Well, that wasn’t too painful. Remember on modern Linux machines, users have their own private groups which are named after the user. That’s what we’re seeing here. The first ‘pi’ refers to the owner which is of course the pi user. By default when a file is created the group ownership is set to the user’s default group. In this case that would be our private group which is also called ‘pi’. So if we look at our original file entry:

-rw-r--r-- 1 pi pi 0 Oct 7 16:29 raspberry

we can read this as “The pi user has read and write privileges. The group has read privileges and world also has read privileges”. Linux applies these permissions in a specific order based on who you are. If your username matches the owner of the file, then the user permissions will apply when you try to access it.

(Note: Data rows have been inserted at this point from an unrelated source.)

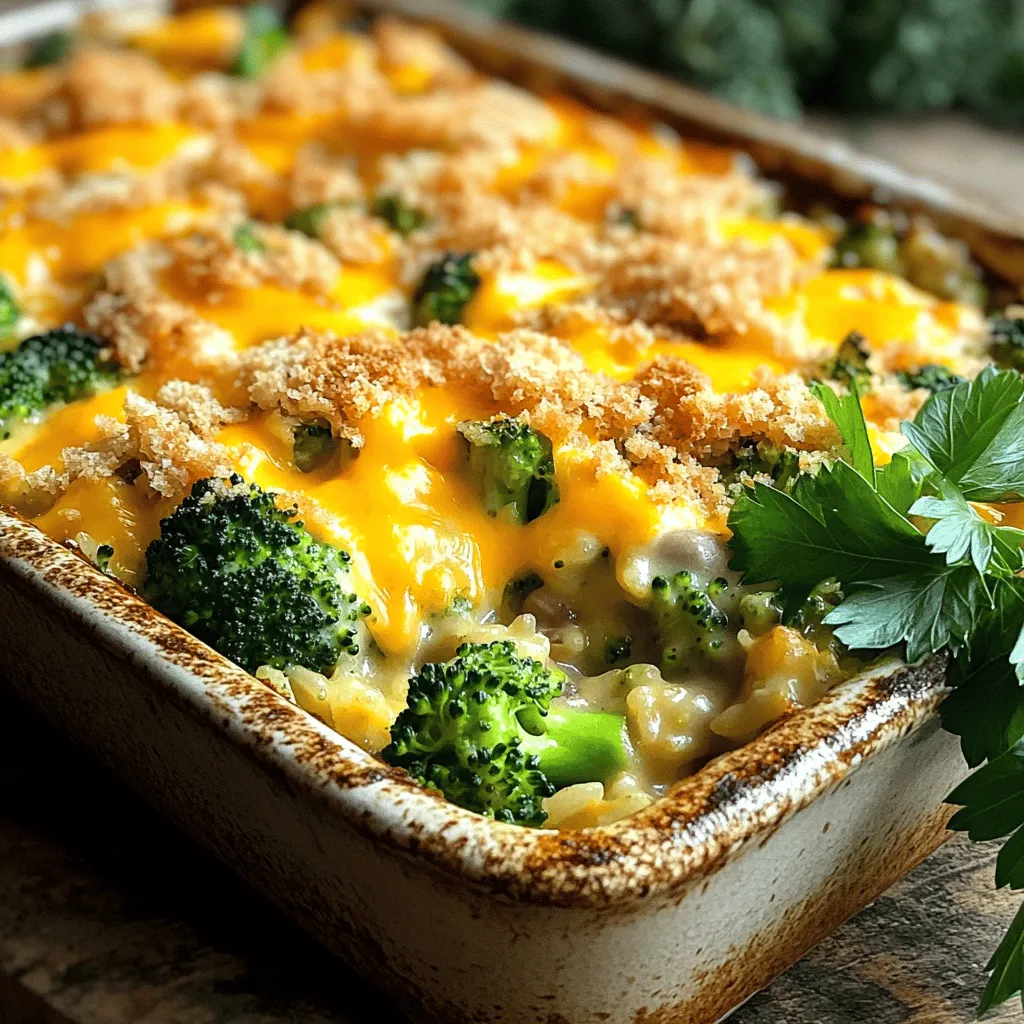 Cheesy Broccoli Rice Casserole Irresistible Comfort Dish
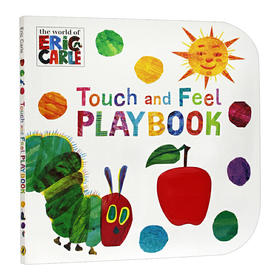 卡尔爷爷儿童形状数字启蒙触摸书 英文原版绘本 Eric Carle Touch and Feel Playbook 张湘君 好饿的毛毛虫 英文版进口英语书籍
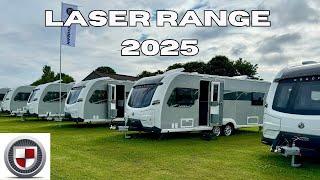 NEW Coachman Laser Caravan Range 2025 [upl. by Keeryt141]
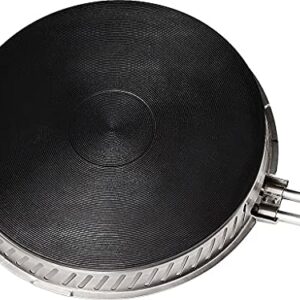 Pioneering Technology Kit de queimador de segurança para forno elétrico Smartburner, ferro fundido, dois de 15 cm de diâmetro, dois de 20 cm de diâmetro, preto, 4/caixa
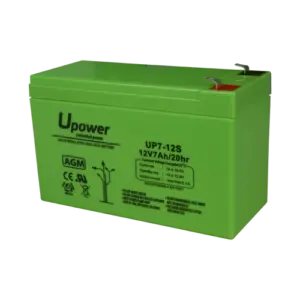 UPOWER - Upower - Batería recargable - Tecnología plomo ácido AGM - Voltaje 12 V - Capacidad 7.0 Ah (BATT1270-U)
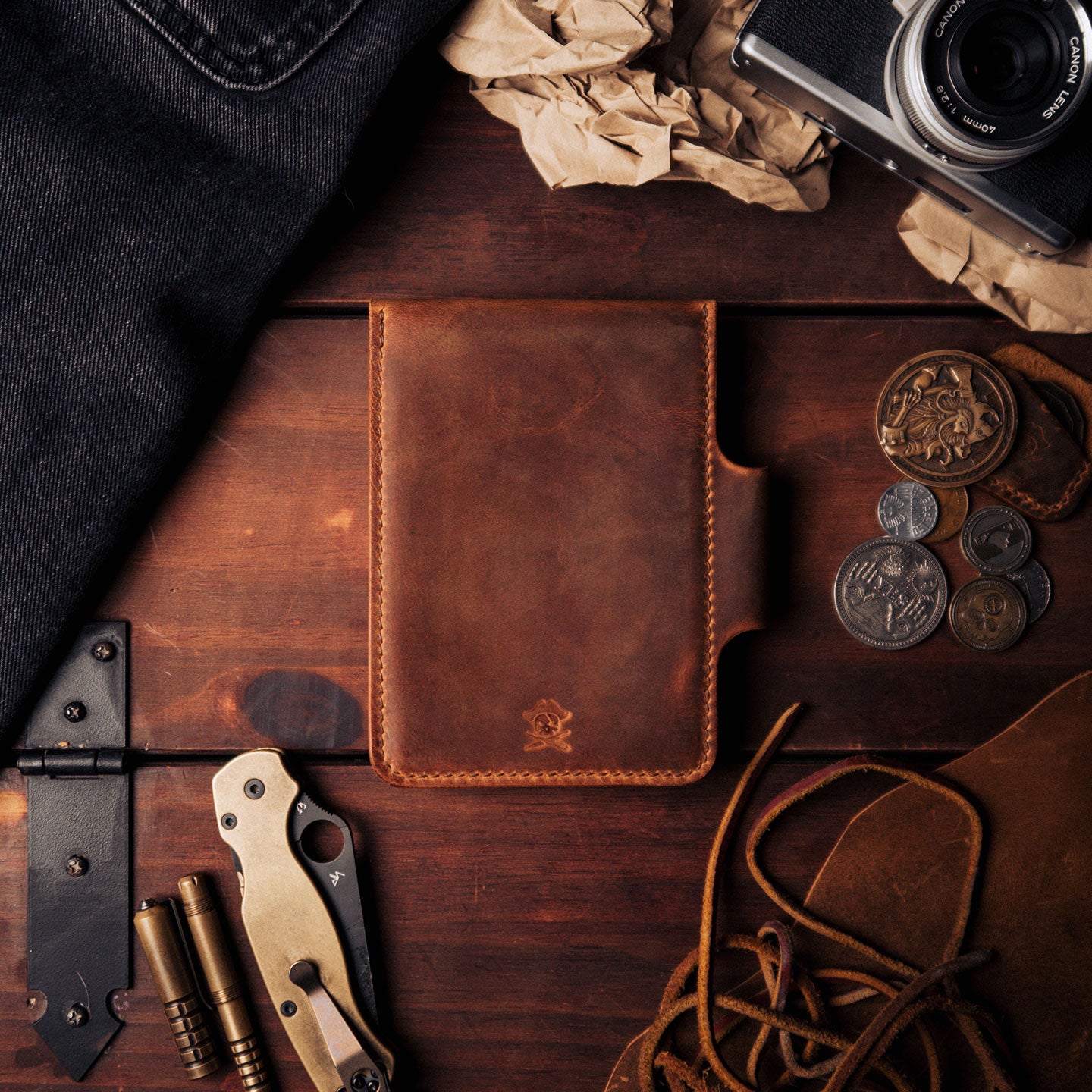 The Steersman | Velcro Journal Leather Cover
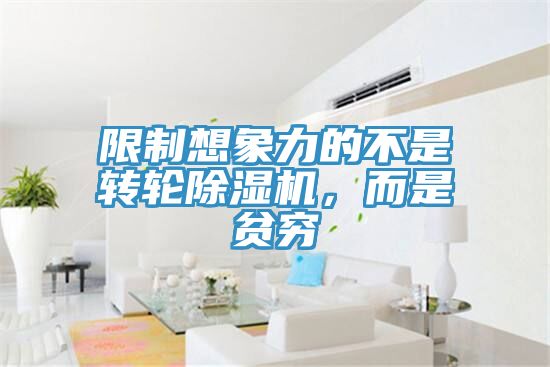 限制想象力的不是轉(zhuǎn)輪除濕機(jī)，而是貧窮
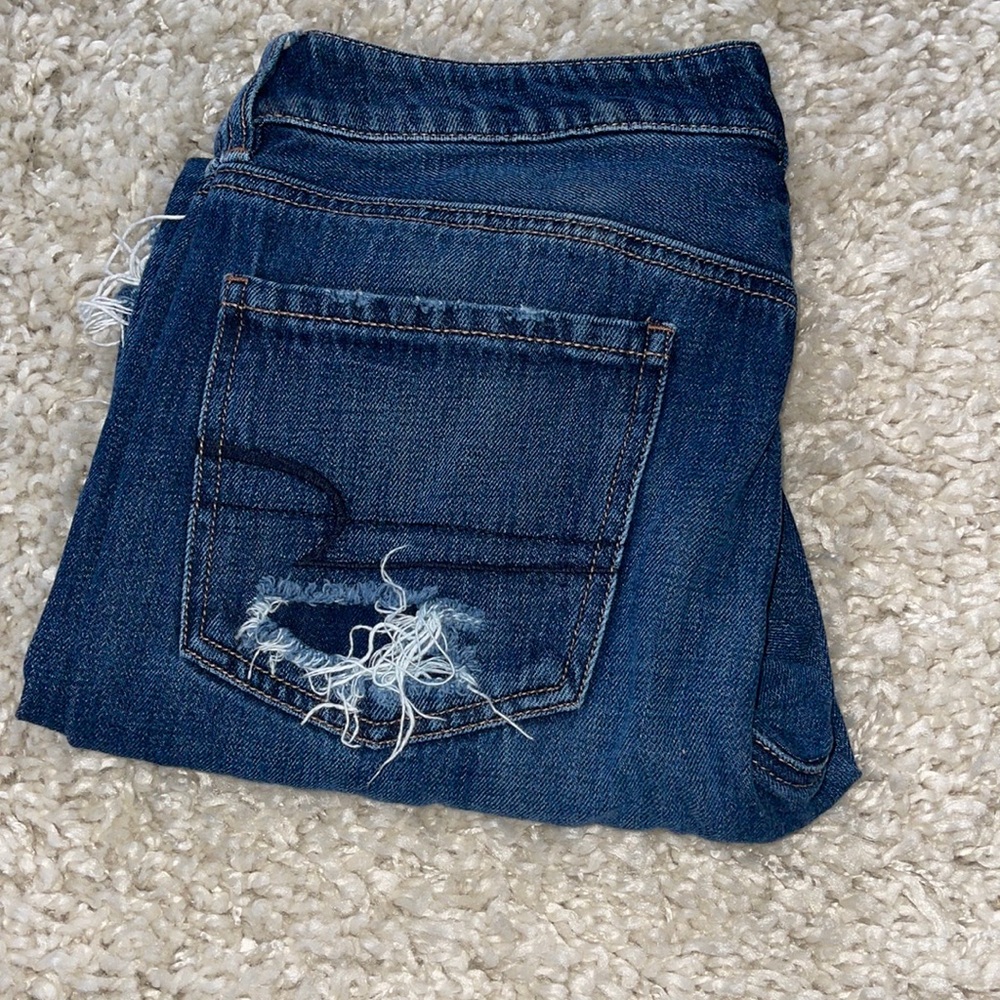 AE mom jeans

If you’re not the owner but you are in the same group as the file, then Linux will apply the group permissions to you. If you’re neither the owner or in the same group, Linux will apply the permissions from the world role. In our example though, the permissions for world and group are identical, so if you’re not the owner, regardless you will get the same level of access. However only the owner can actually save changes to the file. There is one exception to this rule however - the root user. The root user is effectively immune to file permissions and can change permissions and file ownership for any file on the system, regardless of who the owner actually is.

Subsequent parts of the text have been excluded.